Monday, December 17, 2007

Quotes: Water. Wealth. Weapons. Weather.

Water
Water can create beautiful forms and strip the flesh to bones when cast up by the sea.
Water 11 It [water] can assume forms of exquisite perfection in a snow flake, or strip the living to a single shining bone cast up by the sea. Eiseley, The Immense Journey

Wealth
Wealth needs to be regulated by the state and excessive possessions must be given up to the state.
Wealth 37 But trade and industry will be regulated by the guardians to prevent excessive individual wealth or poverty; anyone acquiring more than four times the average possession of the citizens must relinquish the excess to the state. Will Durant, The Story of Philosophy, Plato.

Wealth is like muck, useless unless it is spread. [Hello, Dolly.]
Wealth 118 F. Bacon: Money is like muck, not good unless it is spread. Will Durant, The Story of Philosophy, Francis Bacon.
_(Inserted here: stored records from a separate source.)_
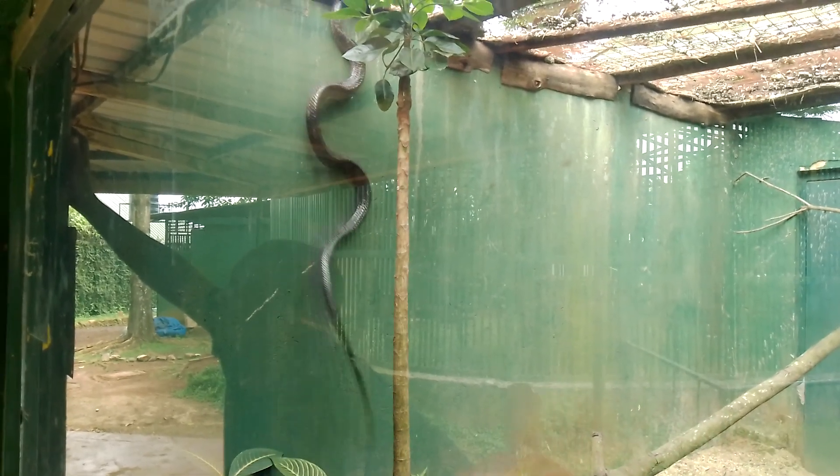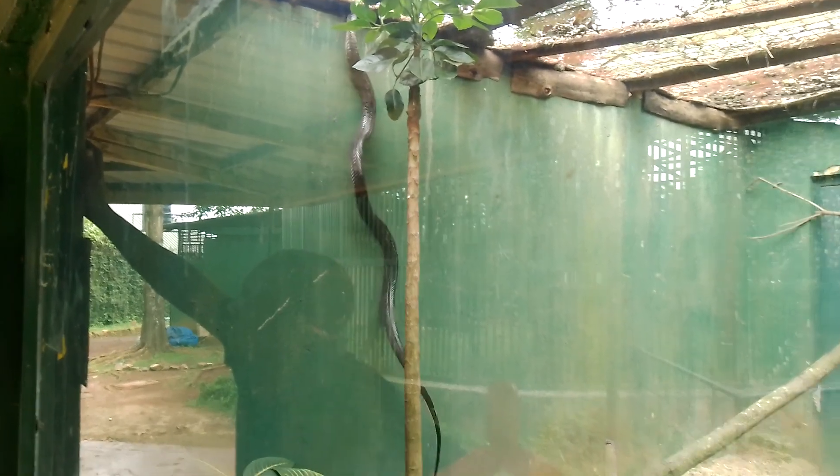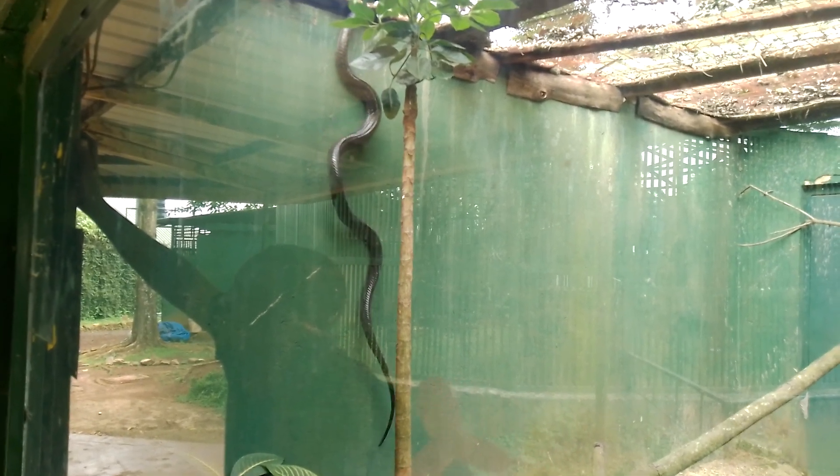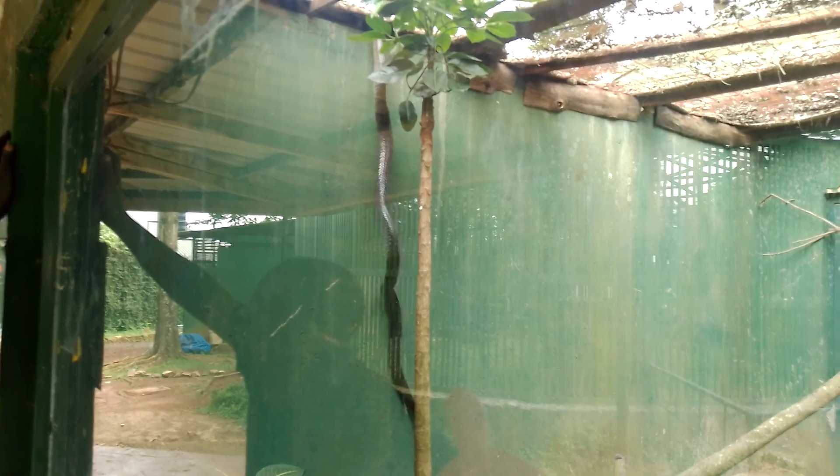So all snakes feed on young ones of chicken — the ones we call chicks. They feed on eggs and young ones of rats and other small insects or rodents.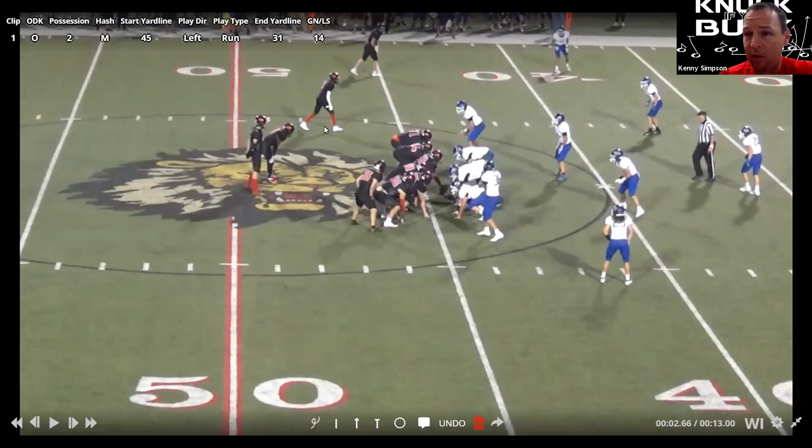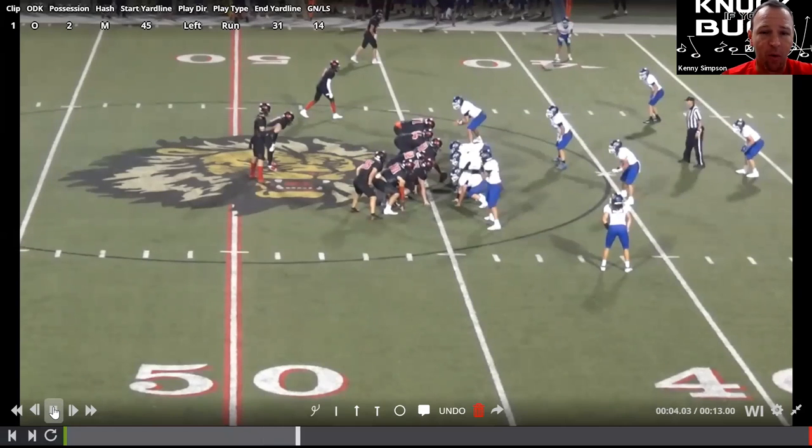Up top we can do several things: we can crack block, we can block, we can run an RPO if they're in man and they're reading number two or number one, just depending on what we want to do. Quarterback is going to hand the ball off, and depending on what kind of athlete he is, either avoid contact or actually lead block. If you want more in-depth information, I've got a whole counter video up on CoachTube and on my website, and I think I've even got a few on this channel.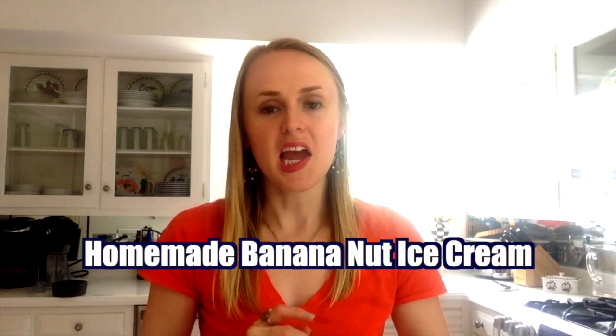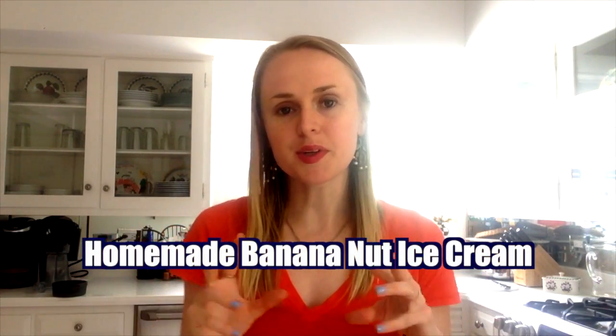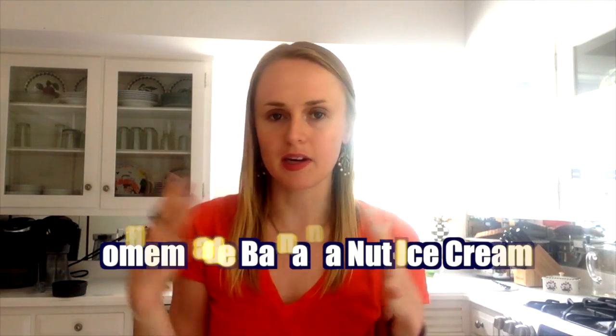Hi everyone, it's Laura and I hope you're all doing well. Today I wanted to share with y'all a homemade ice cream recipe and it's super simple, super easy. You don't need an ice cream maker or anything like that. All you need is either a food processor or a high-speed blender and a few very simple ingredients. So if you're interested, keep watching and let's get started.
If you want to know what God thinks of money, look at those who have it.
Wealth 80 Dorothy Parker, quoting Maurice Baring: If you want to know what the Lord God thinks of money, you have only to look at those to whom he gives it. Cowley, ed., Writers at Work.
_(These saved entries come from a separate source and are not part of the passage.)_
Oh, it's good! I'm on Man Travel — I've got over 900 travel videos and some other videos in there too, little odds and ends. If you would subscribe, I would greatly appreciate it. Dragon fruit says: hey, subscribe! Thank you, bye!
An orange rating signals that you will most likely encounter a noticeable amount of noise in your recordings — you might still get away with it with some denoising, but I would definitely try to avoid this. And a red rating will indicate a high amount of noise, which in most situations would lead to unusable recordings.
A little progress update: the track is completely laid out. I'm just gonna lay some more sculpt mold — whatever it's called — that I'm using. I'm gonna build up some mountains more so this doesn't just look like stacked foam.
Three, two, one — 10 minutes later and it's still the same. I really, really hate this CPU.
Wealth is in the tools that extend the range of human endeavor.
Wealth 990 Wealth begins in a tight roof that keeps the rain and wind out; in a good pump that yields you plenty of sweet water; in two suits of clothes, so to change your dress when you are wet; in dry sticks to burn; in a good double-wick lamp; and three meals; in a horse, or a locomotive to cross the land; in a boat to cross the sea; in tools to work with; in books to read; and so, in giving...by tools and auxiliaries, the greatest possible extension to our powers, as if it added feet, and hands, and eyes, and blood, length to the day, and knowledge, and good will. Emerson, The Conduct of Life: Wealth.

We honor the wealthy because they have the independence that all of us should have.
Wealth 239 We honor the rich because they have externally the freedom, power, and grace which we feel to be proper to man, proper to us. Emerson, History.
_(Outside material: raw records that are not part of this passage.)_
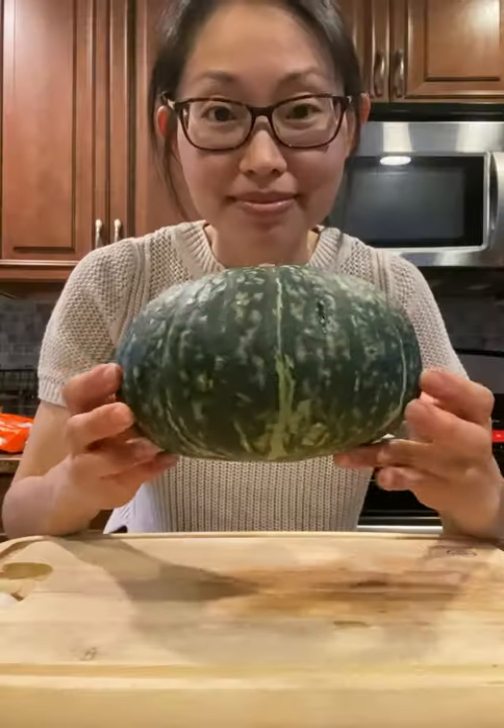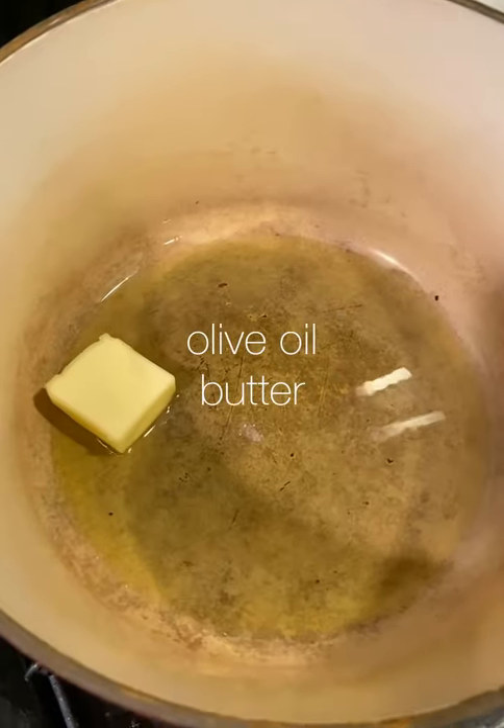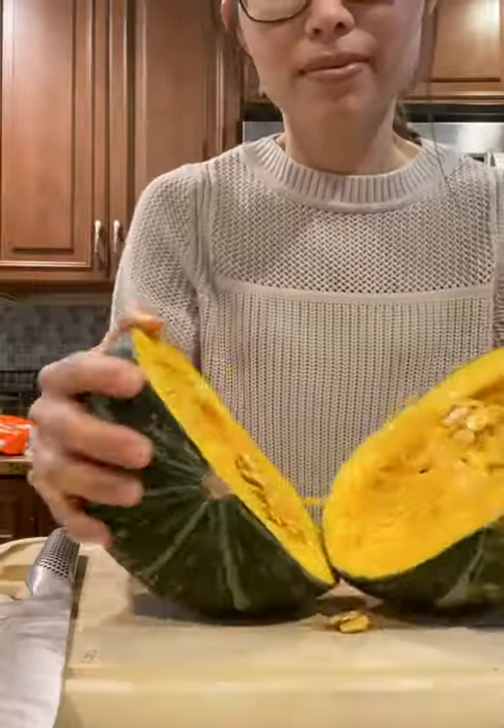Let's get cozy with this velvety smooth kabocha soup. Start by sauteing some onions, carrots, and potato in oil and butter.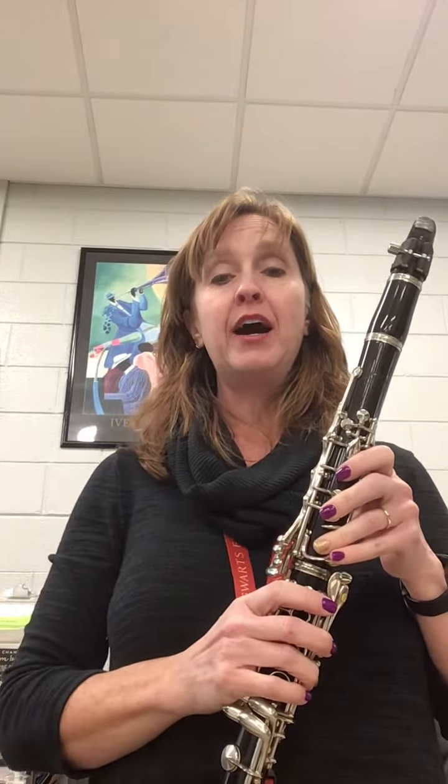Hi, First Clarinet. In this video, we're going to be working on Legend of the Eagle at the beginning, and we are going to stop it at measure 16, where it changes to 3/4 time.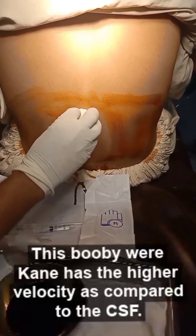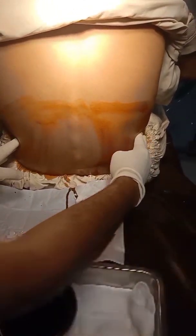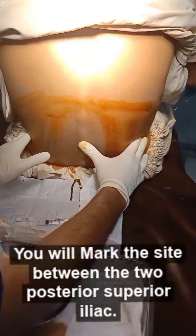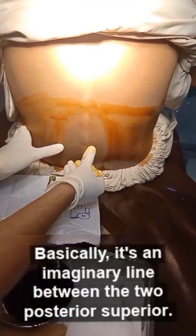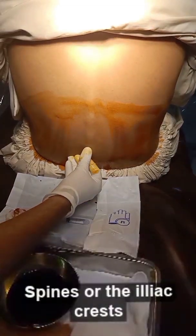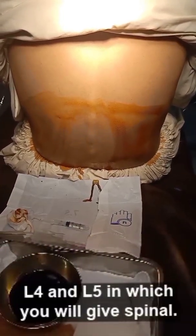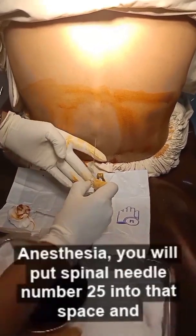This bupivacaine has a higher density compared to the CSF, so it will go upward. Now you will mark the site between the two posterior superior iliac spines, also known as Tuffier's line — an imaginary line between the two posterior superior iliac spines or iliac crests. This is the point between L4 and L5 where you will give the spinal anesthesia.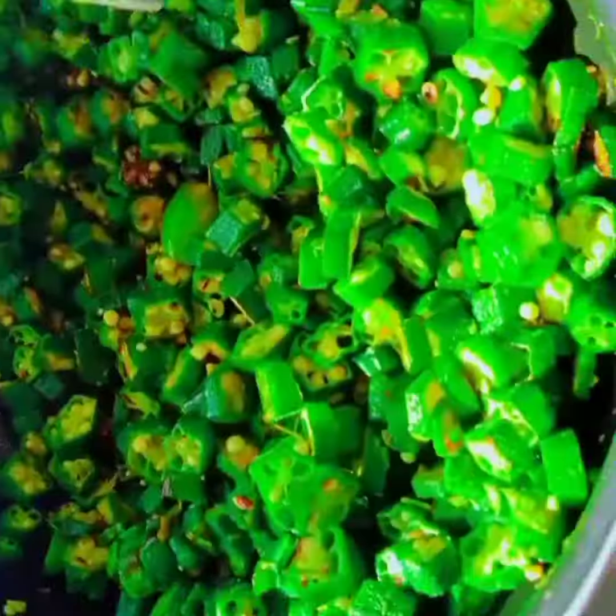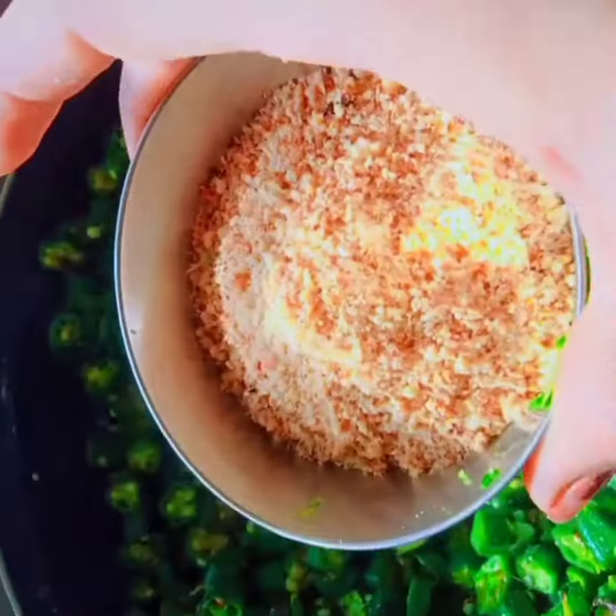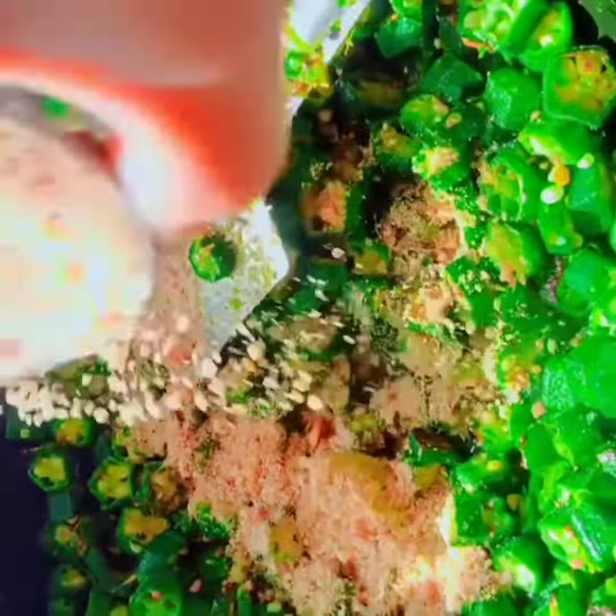We are going to fry it and cook it. Now we will mix all the ingredients in a bowl.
People laugh at rich men’s jokes but would not laugh if they were not rich.
Wealth 8 …as every rich man has usually some sly way of jesting, which would make no great figure were he not a rich man. Steele, 3/2/1711. The Spectator.

He is rich who benefits from the labors of others in his country and from different countries and times.
Wealth and Learning 991 He is the richest man who knows how to draw a benefit from the labors of the greatest number of men, of men in distant countries and in past times. Emerson, The Conduct of Life: Wealth.


Weapons
One man with a pistol is more powerful than one hundred who are unarmed because each of the one hundred fears to be the one hit by the bullet.
Weapons 170 The sapient Partridge says, that one man with a pistol is equal to a hundred unarmed, because, though he can shoot but one of the multitude, yet no one knows but that he himself may be that luckless individual. Sir Walter Scott, Waverley.

Weather
Noting the snow, he commented on the foolishness of not staying comfortably at home in such conditions.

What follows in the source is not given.